If you still hit issues let us know a bit more about your use case and we can try to help more.

Tim

amomin-pact commented 4 years ago

@timodonnell I have looked at Generate.sh files for models_class1_unselected and models_class1 for training allele specific model. The models_class1_unselected/GENERATE.sh has only 'mhcflurry-class1-train-allele-specific-models'. On the other hand models_class1/GENERATE.sh has write_validation_data.py, mhcflurry-class1-select-allele-specific-models and mhcflurry-calibrate-percentile-ranks.

Does the models_class1/GENERATE.sh perform model selection on a previously made model (models_class1_unselected)? Can you provide a chronological order of steps one needs to do to train and select a model.

I get an error when I run /models_class1/GENERATE.sh FileNotFoundError: [Errno 2] No such file or directory: '/home/ubuntu/.local/share/mhcflurry/4/2.0.0/data_curated//curated_training_data.with_mass_spec.csv.bz2' The curated_training_data.with_mass_spec.csv.bz2 file is missing in my data_curated download. I tried to do a manual download using the wget instruction.

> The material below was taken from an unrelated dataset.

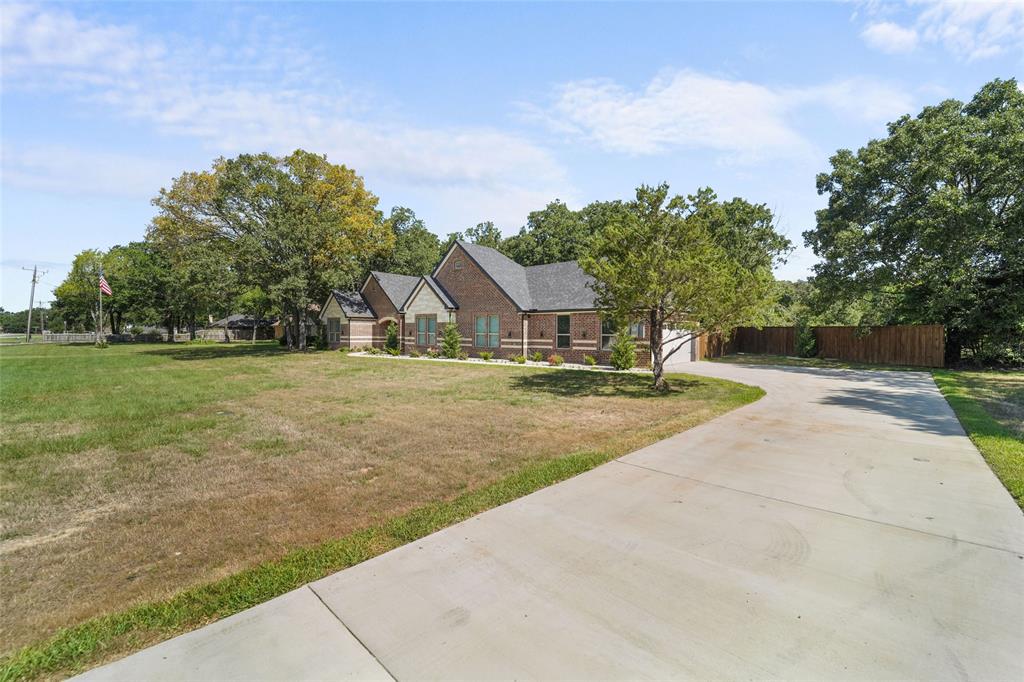 330 Lanier Road Property Photo 5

Additionally, does the output file (test.csv) need to include the mass spec or another sources data in order to optimize the model for that information? How can one add the additional information to the build the test.csv file ?

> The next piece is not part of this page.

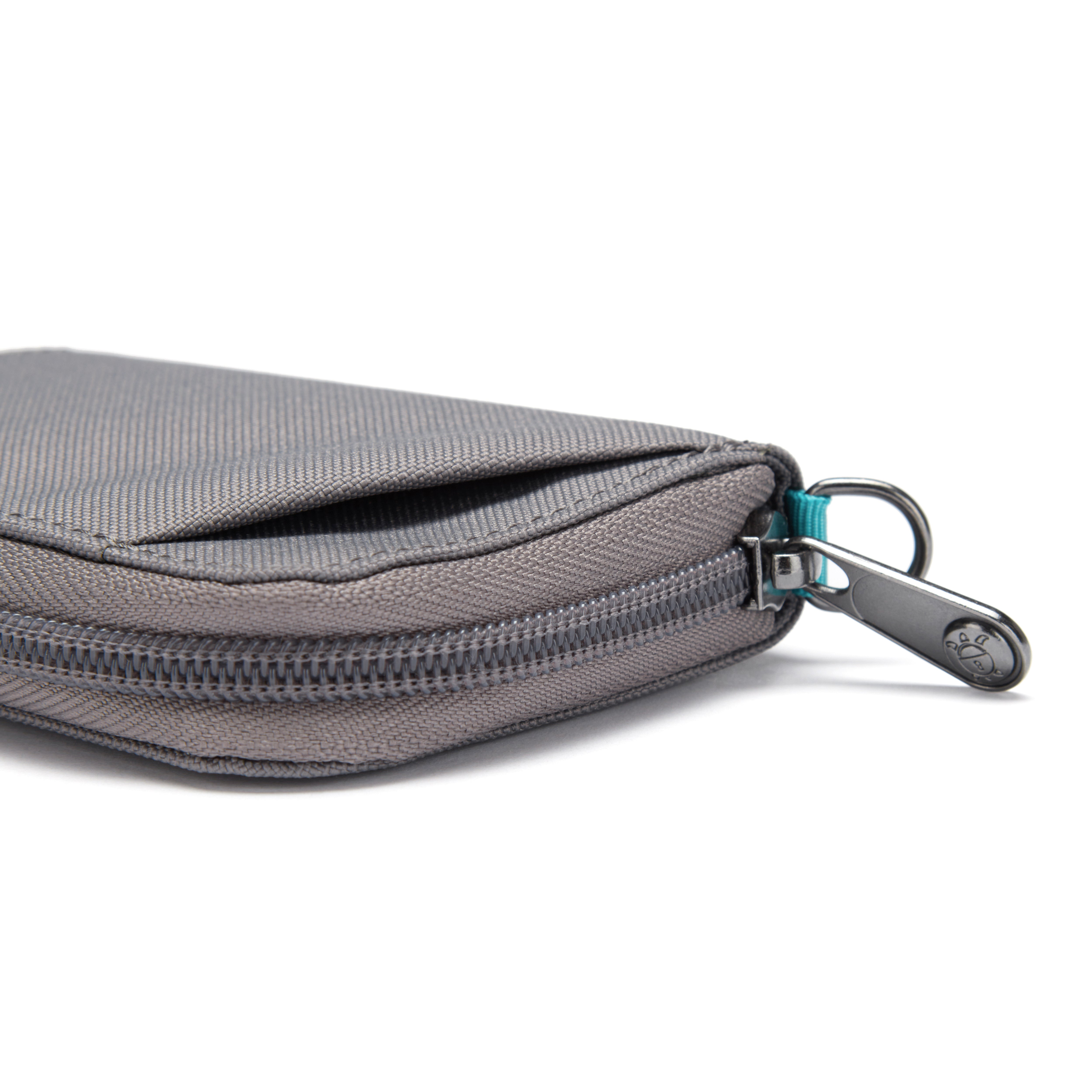 Pacsafe® RFIDsafe™ RFID blocking card wallet、mySite、garagedoors4me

timodonnell commented 4 years ago

Does the models_class1/GENERATE.sh perform model selection on a previously made model (models_class1_unselected)?

Yes - that's correct. 

There is some more information in this book chapter, which may be helpful to you: https://link.springer.com/protocol/10.1007/978-1-0716-0327-7_8

I would recommend using MHCflurry version 1.2.4 to train these models, as after that everything has switched to pan-allele models. I think that is what is causing the error you are seeing involving the missing file. After switching to that version, re-download the data_curated data so you get the version that was used in that release. That should fix the missing file issue, which was an incompatibility I accidentally introduced while adding the pan-allele predictors.

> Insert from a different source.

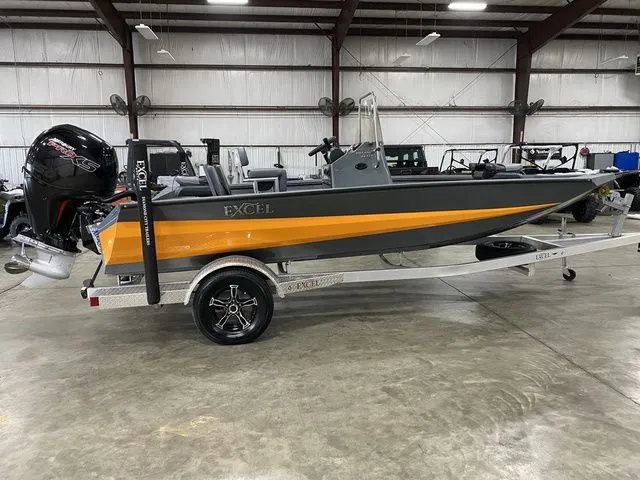 Slide: The Image of Excel Bay Pro Elite 183 2025 - 9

Alternatively - you could train pan-allele predictors, which are the focus of current mhcflurry development.

Hope that helps.

Tim

amomin-pact commented 4 years ago

Thanks for your valuable feedback. I looked into training a Pan-allele model. I tried running the downloads-generation/models_class1_pan/GENERATE.sh to test one of the pan model. However, its slow on a non GPU instance. Also what are the key difference between models_class1_pan and others such as (models_class1_pan_variants, models_class1_presentation). Here are a few question based on my initial run 1) Are there any recommendations regarding the configuration of GPU instance to be use in testing and training? 2) Which of these pan models are most appropriate for training?

On the other hand while trying to install mhcflurry 1.2.4 I have been encountering tensorflow error AttributeError: module 'tensorflow' has no attribute 'ConfigProto' . Does mhcflurry 1.2.4 require a specific TF version ? I have tried the older Tensorflow 1.15 as well as the new Tensorflow 2.2.0. I guess if the code is old it may have incompatibility with newer python libraries.